(THE DATA Opens)

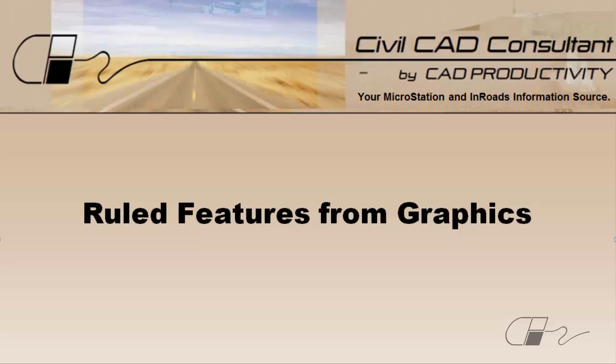Hi, Sam here from CAD Productivity. Welcome to CivilCAD Consultants Tech Tip on creating ruled features from graphic elements.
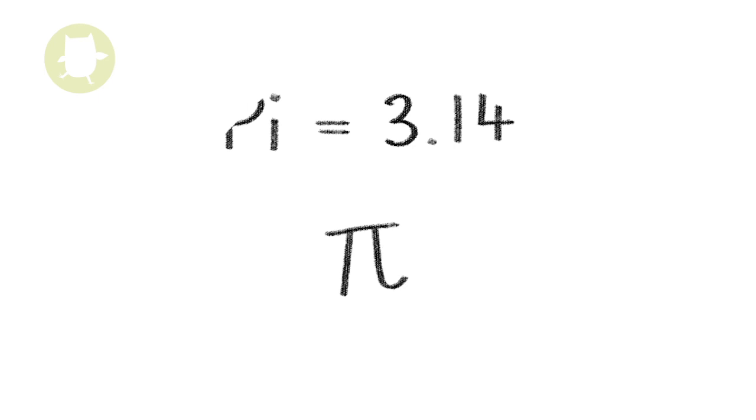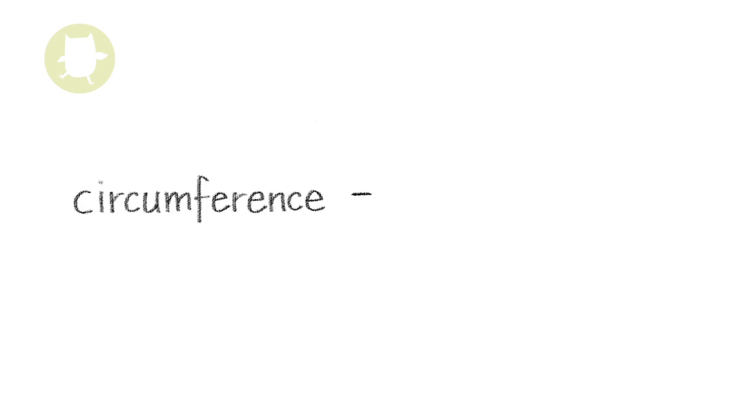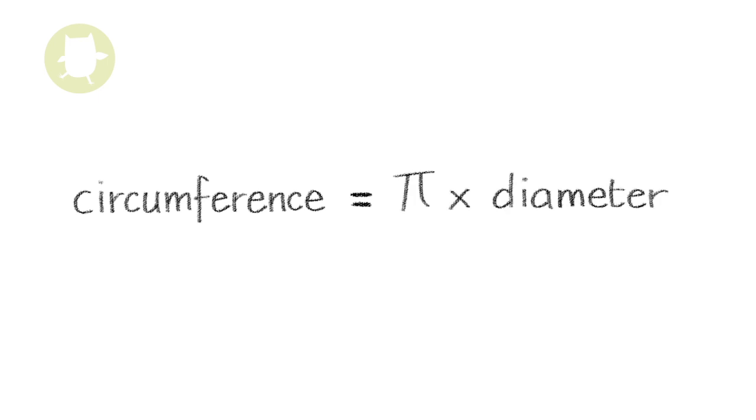If you have the measurement for the diameter of a circle, you can find out the circumference of the circle by multiplying the diameter by pi.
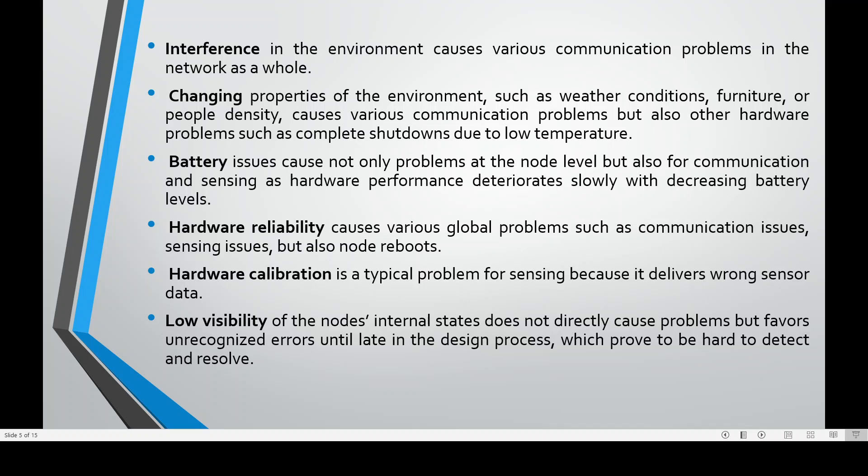Hardware calibration is a typical problem for sensing because it delivers wrong sensor data. Low visibility of the node's internal states does not directly cause problems, but favors unrecognized errors until late in the design process, which prove to be hard to detect and resolve.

(THE DATA Closes)

EXERCISE INSTRUCTIONS:
Would you write out all of the data exactly as it stands, without the pictures?

WRITTEN RESPONSE:
Hi, Sam here from CAD Productivity. Welcome to CivilCAD Consultants Tech Tip on creating ruled features from graphic elements.
If you have the measurement for the diameter of a circle, you can find out the circumference of the circle by multiplying the diameter by pi.
Hardware calibration is a typical problem for sensing because it delivers wrong sensor data. Low visibility of the node's internal states does not directly cause problems, but favors unrecognized errors until late in the design process, which prove to be hard to detect and resolve.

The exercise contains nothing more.